Once the alcohol had worked its magic on her mind and body, and her security routine was complete, Larkin would return to her bedroom where she would finally fall asleep.
But that’s when the nightmares came.
Men, their faces covered with black cloth, riding in the back of green pickup trucks. Angry shouts in Dari and Pashto, their meaning clear even without translation. The flash of sun bouncing off the barrel of a weapon on a rooftop. Explosions.
There was always an explosion.
And the cotton-in-her-ears aftermath where she was disoriented and terrified.
Body parts. Blood. Fire. Pain.
She jerked awake and felt the sticky dampness of sweat. It was still dark. Still night.
Kicking off the covers, Larkin reached blindly for the bottle on her nightstand and drank until it was empty. Exhausted but afraid to close her eyes, she laid her cheek on a cold spot at the edge of her pillow and stared at the sliver of moonlight that edged along the side of the window blinds. She just had to hold on until morning. Her nightmares weren’t quite as bad when she slept during the daytime.
She was still awake when she heard Kaia pass her closed bedroom door and leave for work and a little bit later when Grams went downstairs and brewed coffee, the scent wafting up the stairs and under Larkin’s bedroom door.
Even though winter darkness still hovered over the house, the gray light of coming morning had replaced the silver moonlight.
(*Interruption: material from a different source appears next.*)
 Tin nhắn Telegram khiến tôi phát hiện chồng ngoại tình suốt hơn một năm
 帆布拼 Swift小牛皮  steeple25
Daytime was here.
With a sigh of relief, Larkin let sleep claim her.
Hours later, something bumped into the bed and Larkin woke with a start.
“I thought Grams was exaggerating when she told me you sleep all day, but I guess she was right.” Jenna sat on the bed at Larkin’s feet. “What should we do? I took the afternoon off—a perk of being married to the boss’s son—and I’m all yours.”
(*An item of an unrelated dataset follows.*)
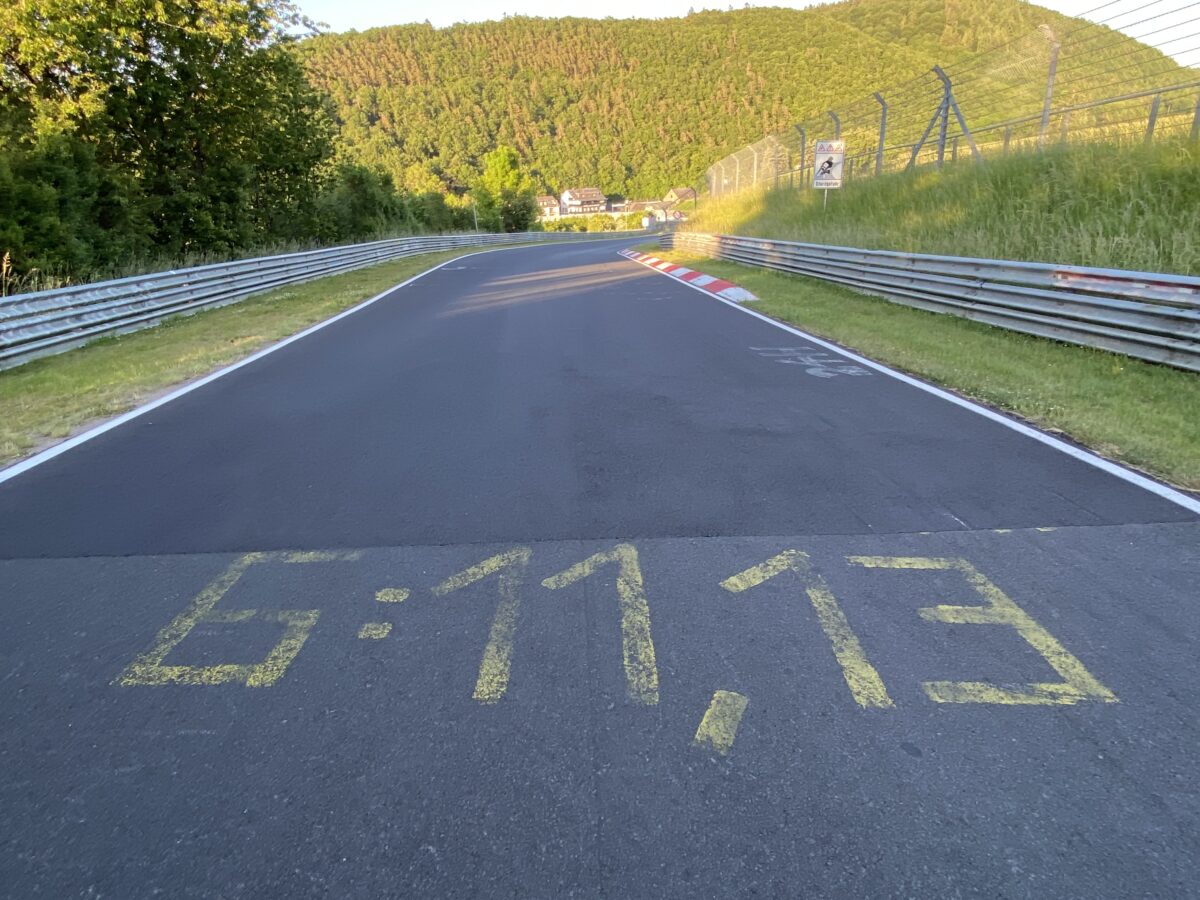 Nordschleife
Jenna managed accounts receivable at the plastic tubing company her husband’s family owned. Even though she sounded like blowing off work was no big deal, Larkin knew Jenna took her job seriously. She could even be called a workaholic. It was a big deal that she’d left work to see Larkin.
Larkin rolled over and squinted at the clock. Thirteen hundred hours. Groaning, she rested her arm over her eyes to block out the light, as dim as it was, that was making her head hurt. “Where’s Grams?”
“Working at the holiday bazaar at the Hollywood Schoolhouse. She said she’ll bring pizza home for dinner.”